(RebBlue’s response covers it, but I like writing about these stats, so:)
Eventually I want to include both total and unique known word counts. I just need to determine the best way to fit everything into the interface.
With only one of the two shown currently, consider the following stats. For a manga volume, learning the top 100 highest frequency words may give you coverage such as:
- Unique words known: 6%
- Total words known: 40%
If instead you had opted to learn the 100 lowest frequency words, not the highest, you would be looking at:
- Unique words known: 6%
- Total words known: 2%
In both of these situations, the unique known words is 6% of the volume’s unique words, but one scenario gives you 40% of the total word coverage and the other gives you 2% of the total word coverage.
Here, the total word coverage gives insight into how readable material will be, whereas the unique word count tells no useful information for reading. (Other stats, such as the percent of sentences you can read without lookups, supplement this in either case.)
That’s for individual volumes.
When it comes to a series where multiple volumes are on Manga Kotoba, the stats become even more interesting.

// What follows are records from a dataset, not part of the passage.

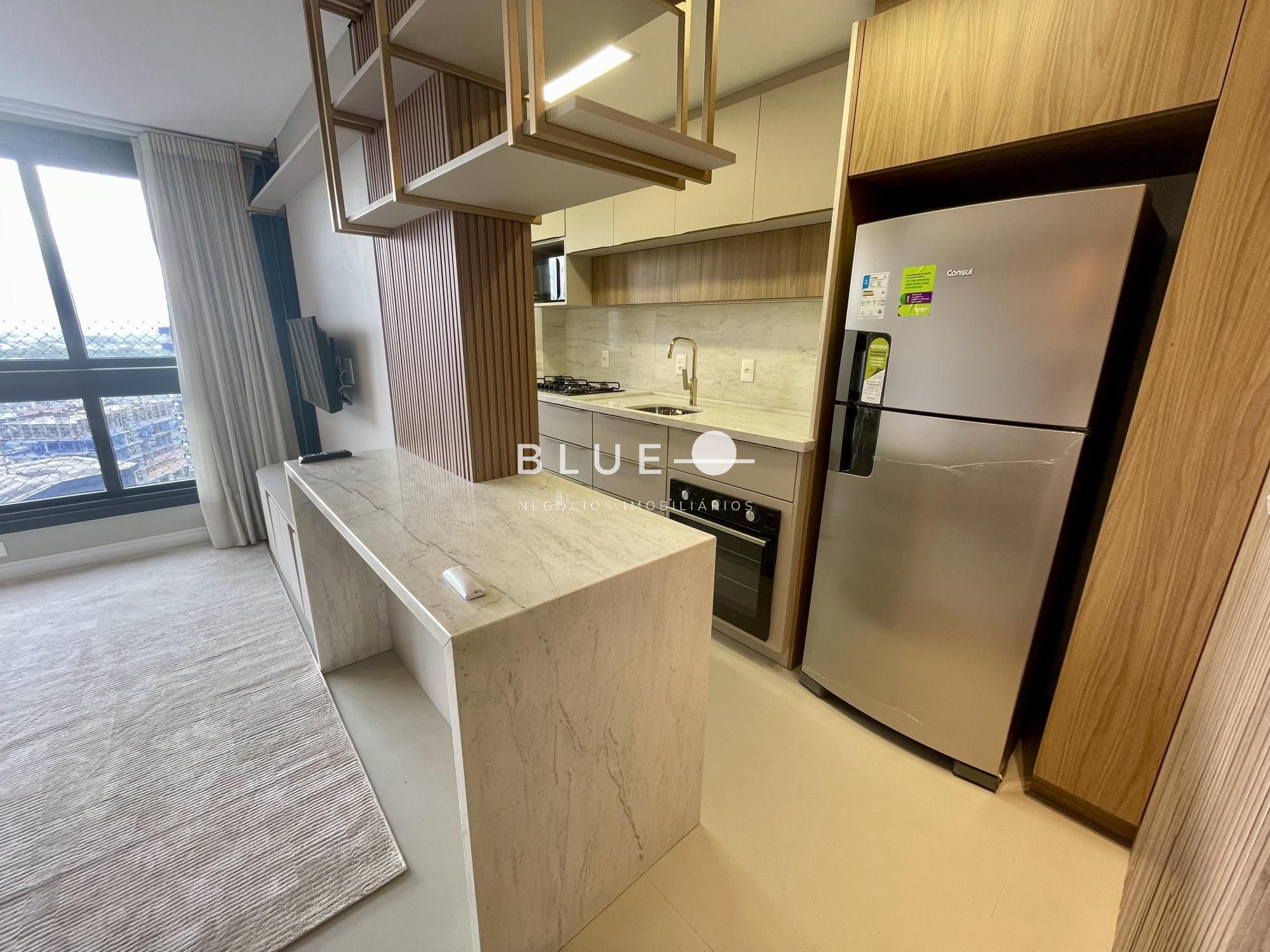 Apartamento, 2 quartos, 78 m² - Foto 11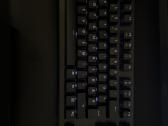 Parduodu klaviatūra Razer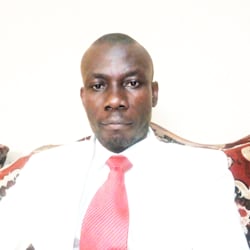 iheanyiigwe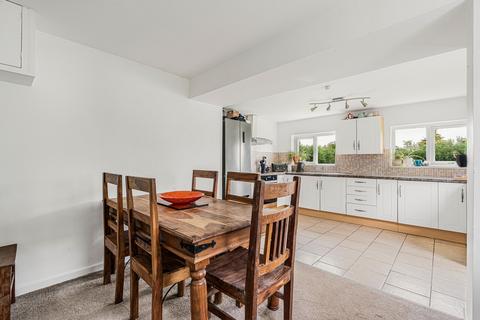 3 bedroom end of terrace house for sale, Weeth Road, Camborne, TR14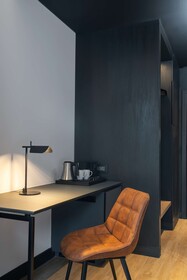 Radisson RED Johannesburg Rosebank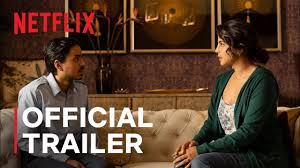 The White Tiger Official Trailer Netflix Youtube Get this torrent 2.5 gb 1080p. the white tiger official trailer netflix
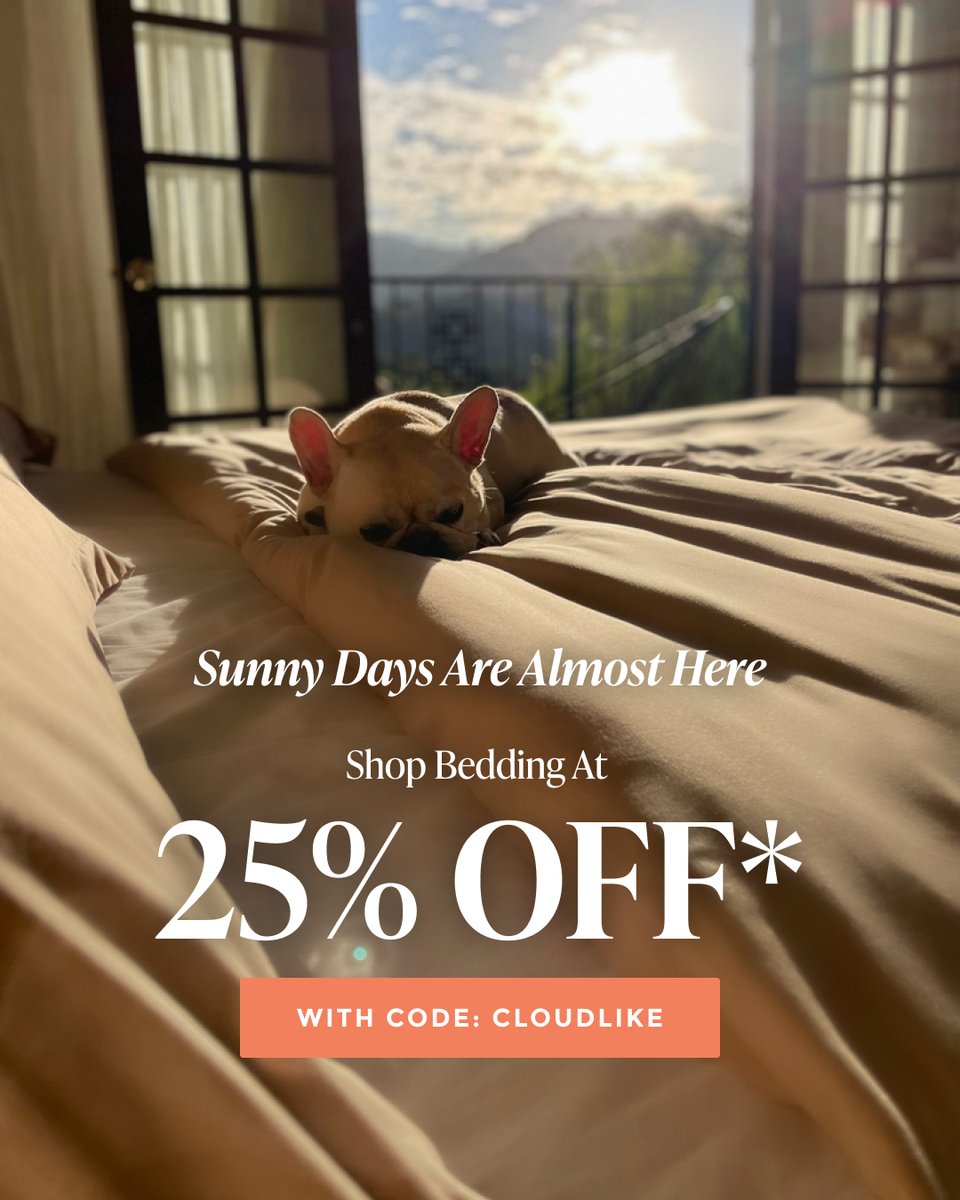 PeachSkinSheets tweet media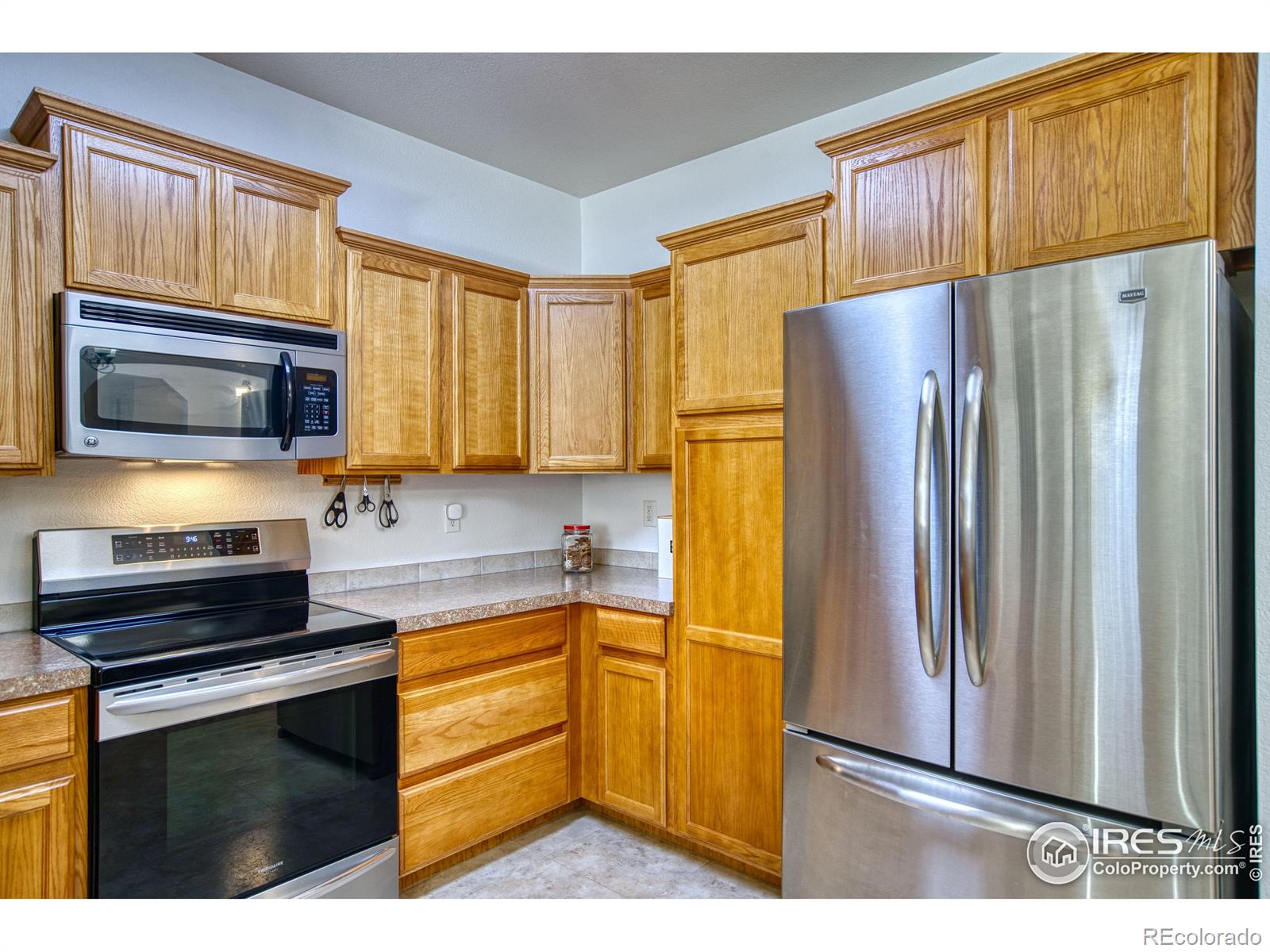 MLS Image #11 for 10818  cimarron street,firestone, Colorado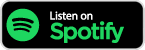 listen on spotify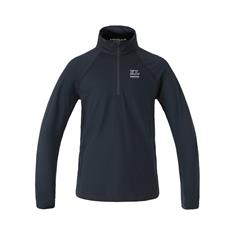 Trainingsshirt KLEmani Men Kingsland Dunkelblau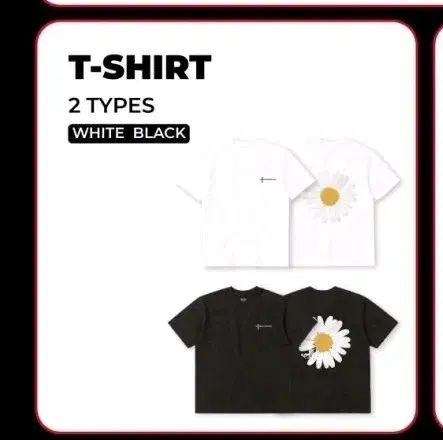 G DRAGON ジードラゴン ポップアップ Tシャツ 白 Lサイズ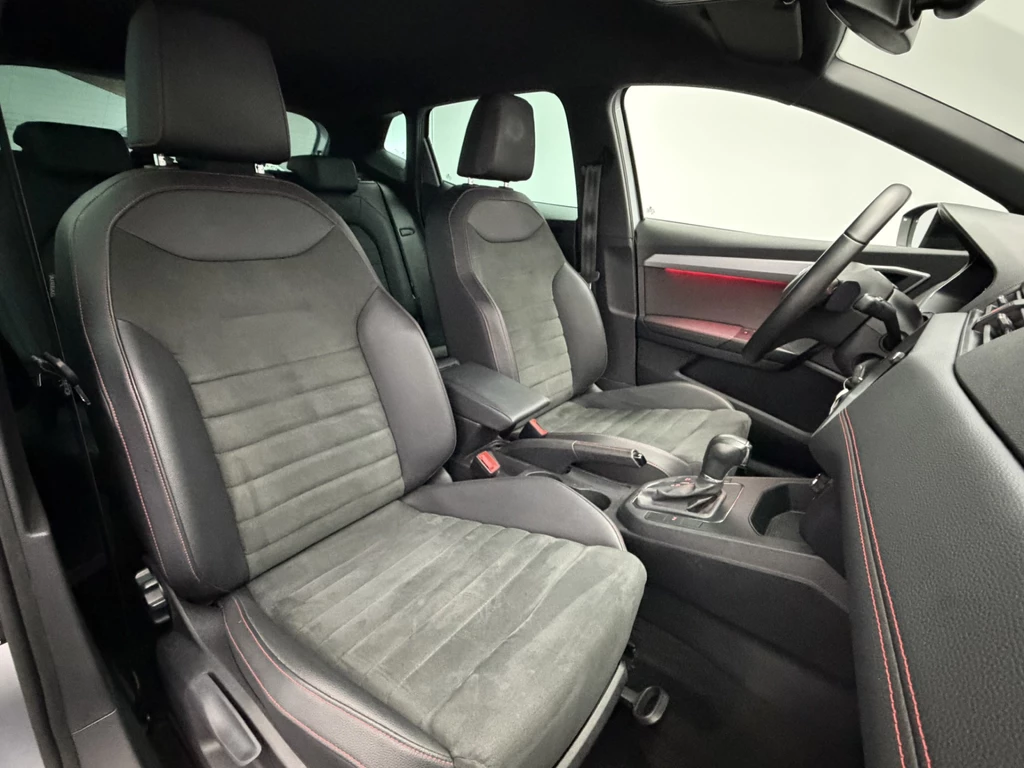 SEAT Ibiza – foto 28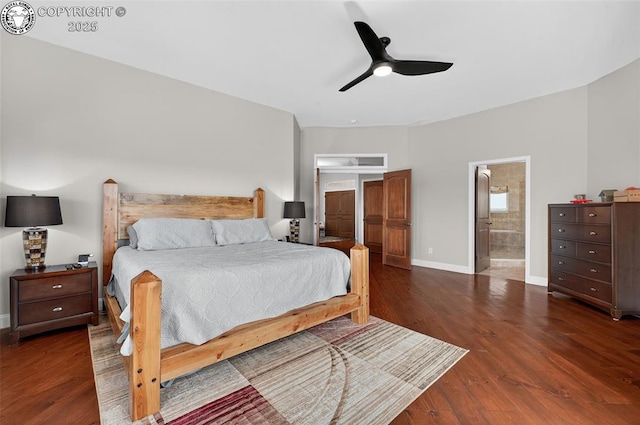 369 Canterbury Ct, Canon City, CO 81212 - photo 46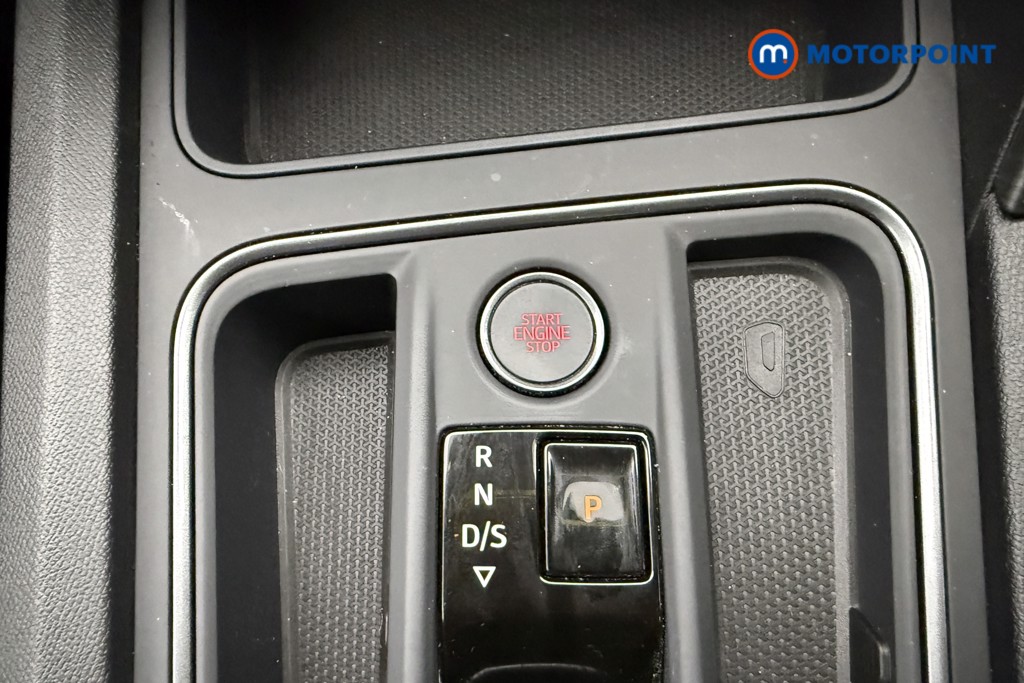 Used Cupra Leon 2023 for sale - 77013781: Photo 23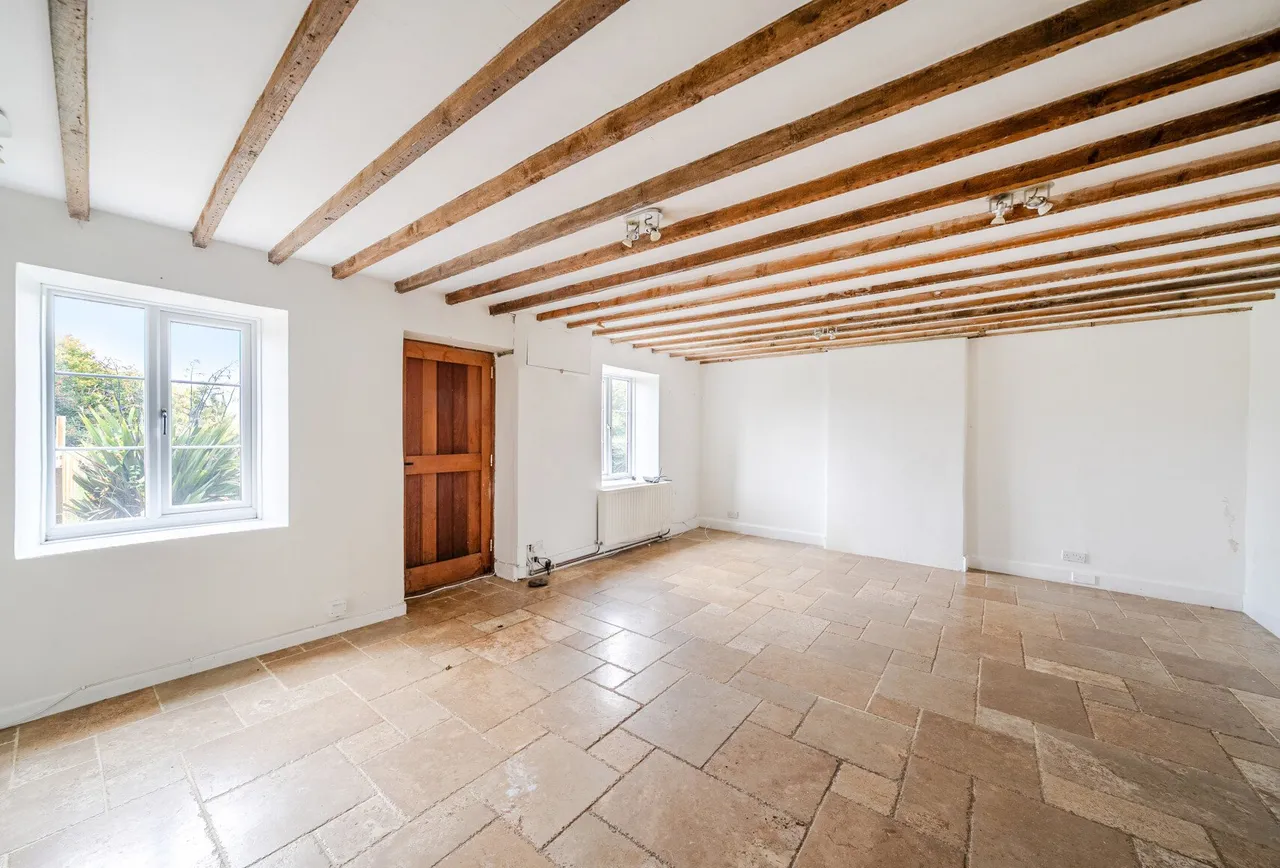 Shoscombe, Bath, BA2 8LX, photo 7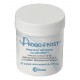 Difass International Probioprost integratore per il benessere intestinale 30 capsule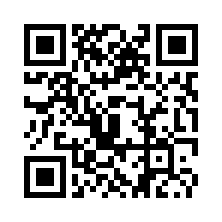 QR Code for 3KMDpxPo2pYp4d2n9aFj7Lsw4QdsJpeHi4
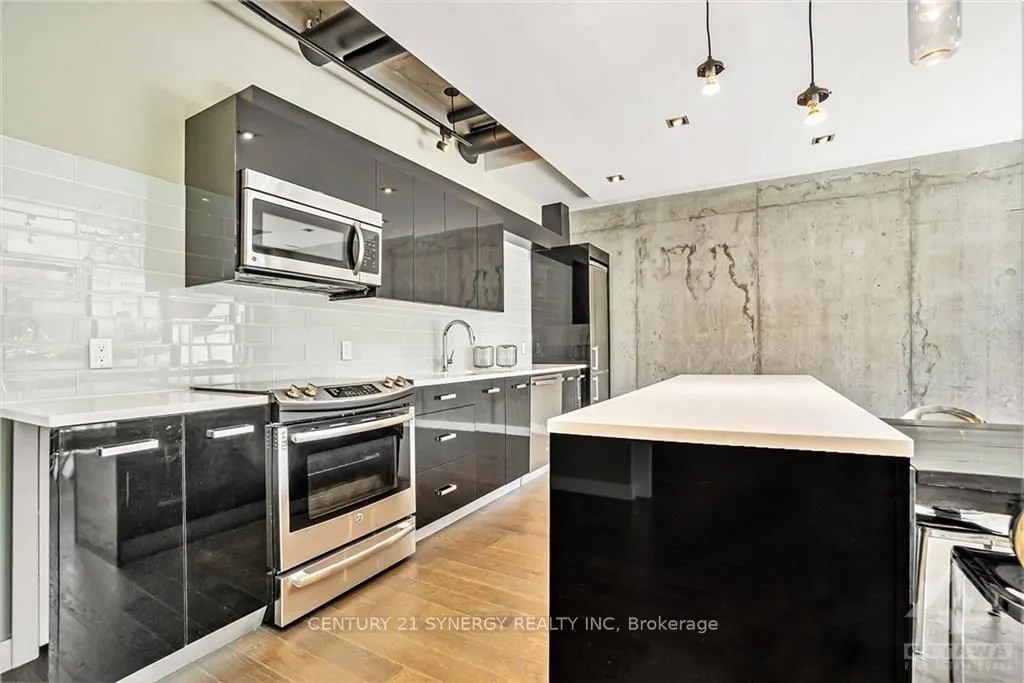 224 LYON Street, #1314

Consider the first 30 volumes of Detective Conan.
Here, to learn 75% of the total words in volume one, you need to learn 56% of the unique words (848 words).
But for those 30 volumes collectively, knowing 75% of the total words requires learning the top 23% of unique words (which, across 30 volumes, is 3,758 words).
At the series level, the unique word counts become unreliable the more volumes of a series are added to the site.